2. Scrutinize the Patient’s Medical History and Comorbidities:
Thoroughly review the patient’s medical records, encompassing past illnesses and existing comorbidities that could be relevant to the etiology of GI bleeding. Key conditions to consider include:
- Varices
- Portal hypertension
- History of alcohol abuse
- Smoking habits
- Peptic ulcers
- Helicobacter pylori ( H. pylori) infection
- Diverticulitis
- Hemorrhoids
- Inflammatory bowel disease (IBD)
- Cancers of the stomach, esophagus, or colon
3. Analyze the Patient’s Medication Regimen:
Certain medications are known to increase the risk of GI bleeding. A careful review of the patient’s current medications is crucial.
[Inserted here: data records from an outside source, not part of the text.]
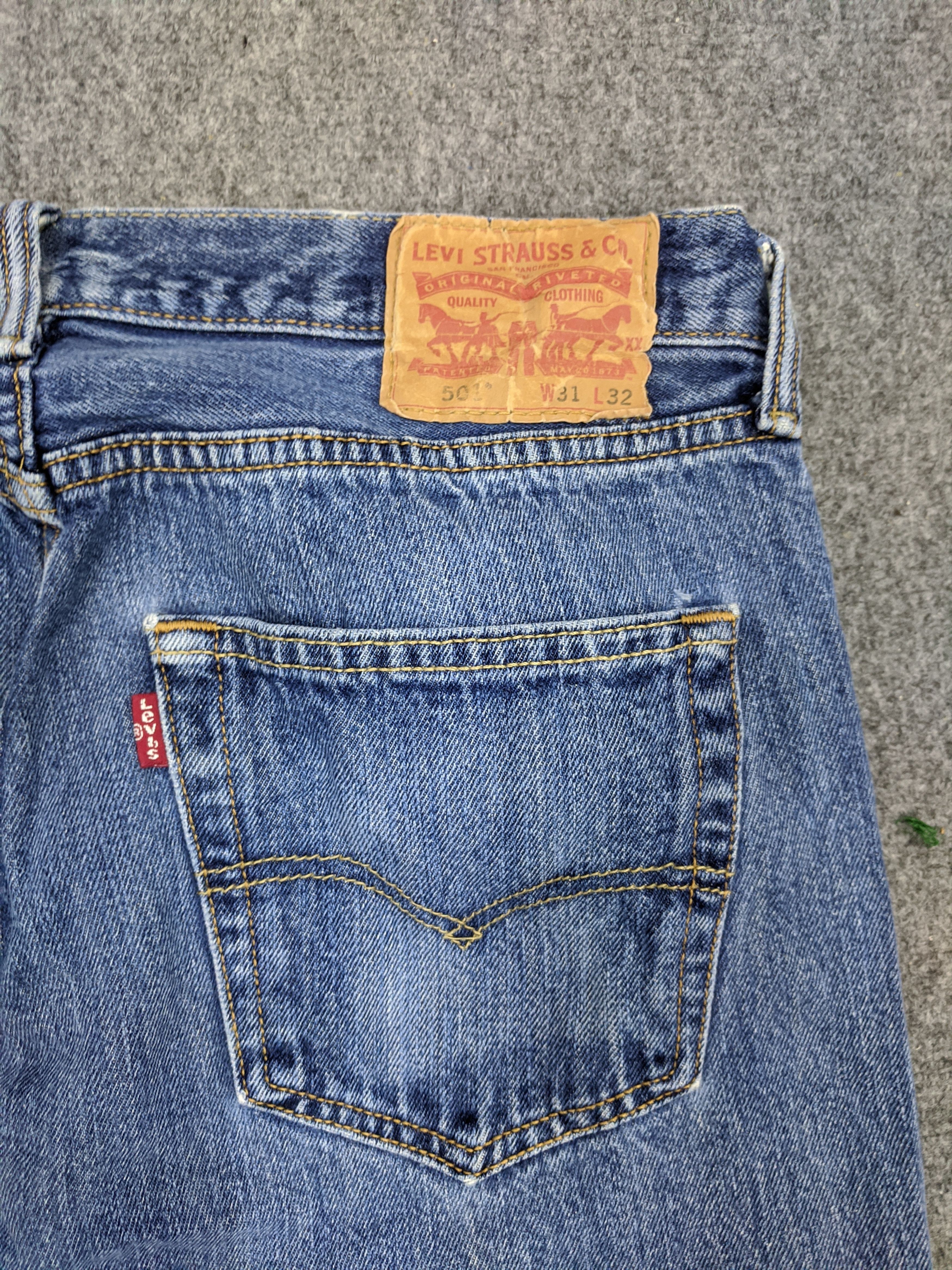 Levi's Vintage 90s Levis 501 Jeans DP0693 Size US 31 - 15 Thumbnail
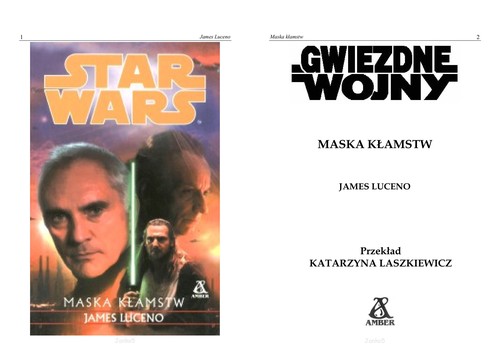 James Luceno: Maska kłamstw (Polish language, 2002, Amber)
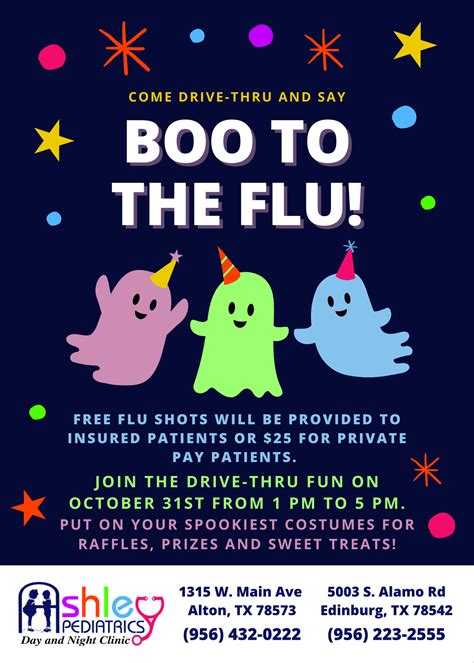 Boo To The Flu Flyer Ashley Pediatrics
Pay particular attention to:
- Nonsteroidal anti-inflammatory drugs (NSAIDs)
- Anticoagulants
- Antiplatelet drugs
- Bismuth-containing medications
- Iron supplements
4. Investigate General Symptoms Associated with GI Bleeding:
Inquire about the presence of common symptoms that may indicate GI bleeding. These include:
- Abdominal pain
- Difficulty swallowing (dysphagia)
- Unexplained weight loss
- Nausea
- Retching or vomiting
- Changes in bowel habits
- Abdominal bloating
- Fatigue and weakness
Physical Assessment
1. Systematically Assess for Manifestations of GI Bleeding:
Conduct a detailed physical examination to identify objective signs of GI bleeding. Key indicators to observe across different body systems include:
- Central Nervous System (CNS): Changes in mental status, decreased level of consciousness, lightheadedness, syncope (fainting), dizziness.
- Head, Eyes, Ears, Nose, and Throat (HEENT): Pallor of the eyes, oral mucosa, and lips.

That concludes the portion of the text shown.